COPD or Asthma?

Asthma and COPD both have similar symptoms and a differentiation of both diseases is not always easy. Since both diseases have to be treated in a different way, a careful diagnosis is important.

Both asthma and COPD show wheezing, shortness of breath, chest tightness and coughing, sputum, and use of accessory muscles as the dominant symptoms. Asthma is caused by environmental and genetic factors. These factors influence how severe asthma is and how well it responds to medication. The interaction is complex and not fully understood. Usually asthma is congenital. In contrast, COPD develops over time and is mainly caused by smoking and environmental pollutants.

In both COPD and asthma a spirometer can show a reduced PEF, FEV1 and FEV1%. A body plethysmography measurement can show an increased airway resistance and an increased residual volume (RV).

 

Medical history

Important hints regarding the differentiation of both diseases can be delivered by the medical history of the patient.
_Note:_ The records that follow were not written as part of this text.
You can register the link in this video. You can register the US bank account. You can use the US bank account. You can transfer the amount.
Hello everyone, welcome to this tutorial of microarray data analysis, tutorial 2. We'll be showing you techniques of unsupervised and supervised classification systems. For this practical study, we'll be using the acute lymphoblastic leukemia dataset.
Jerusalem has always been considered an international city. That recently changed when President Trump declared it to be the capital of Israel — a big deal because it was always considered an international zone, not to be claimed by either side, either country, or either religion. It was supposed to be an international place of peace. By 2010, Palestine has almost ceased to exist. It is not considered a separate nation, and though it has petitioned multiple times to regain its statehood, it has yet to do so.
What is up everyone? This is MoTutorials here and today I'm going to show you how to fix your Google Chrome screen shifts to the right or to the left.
An important difference is that COPD is permanent and asthma occurs in a paroxysmal manner. However, if the subject suffers from severe asthma of severeness level 4 the symptoms are actually present all the time.

Signs of asthma are apparent in infants. In contrast, it is rare for people to have COPD before the age of 40. Furthermore, COPD starts mild and becomes more severe over time. Asthma is not necessarily related to smoking, but smoking can increase the symptoms and can cause an attack. COPD patients are usually smokers or people who are exposed to pollutants. Usually asthma causes less sputum than COPD. Additionally, asthma patients mainly cough at night, whereas COPD patients generally cough more in the morning.

 

Diagnosis

A comparatively safe method for the differentiation is an inhalational provocation test or a bronchodilator test.
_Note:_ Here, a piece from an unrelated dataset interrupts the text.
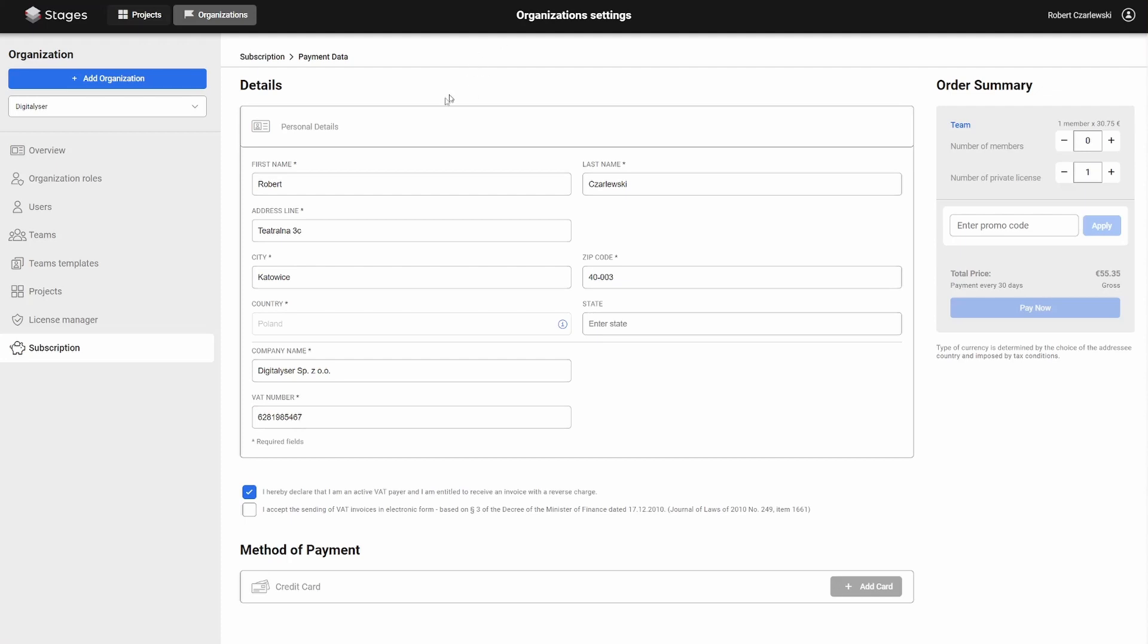After filling in the necessary information, the Add Card button will be activated. Use it to add your credit card to the system.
A bronchodilator test is performed during an acute obstruction. The patient exhales short-acting β-agonists such as salbutamol. If the patient suffers from asthma, the airways will expand and a performed spirometry test will show improved results. If the patient suffers from COPD, the symptoms will just slightly improve. If asthma is present, FEV1 should increase by at least 15%.
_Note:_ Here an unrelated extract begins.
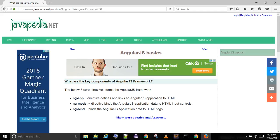NG App Directive defines and links an AngularJS application to HTML. NG Model Directive binds the AngularJS application data to HTML input controls. NG Bind binds the AngularJS application data to HTML tags.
Another possibility could be the long-term inhalation of a steroid like cortisone. After 4 weeks the vast majority of the asthma patients should experience a minimisation of the symptoms, whereas just 10% of the COPD patients experience the same. These tests could at the same time evaluate if a therapy with salbutamol or cortisone could be a useful method of treatment.

Bronchial dosimeter for carrying out bronchodilator and provocation tests

The opposite method is applied with a provocation test. A medical drug, mostly histamine, irritates the bronchia. Patients suffering from asthma will experience shortness of breath, caused by a temporary obstruction. Especially FEV1 and PEF are observed in this case.

Another useful possibility could be diffusion testing. Patients suffering from COPD usually show a decreased TLCO or DLCO respectively. In contrast to that a recent study has shown that patients suffering from asthma usually have an increased TLCO or DLCO respectively (in 62% of the subjects).

If the symptoms are mostly present under exercise an ergospirometry test should be carried out.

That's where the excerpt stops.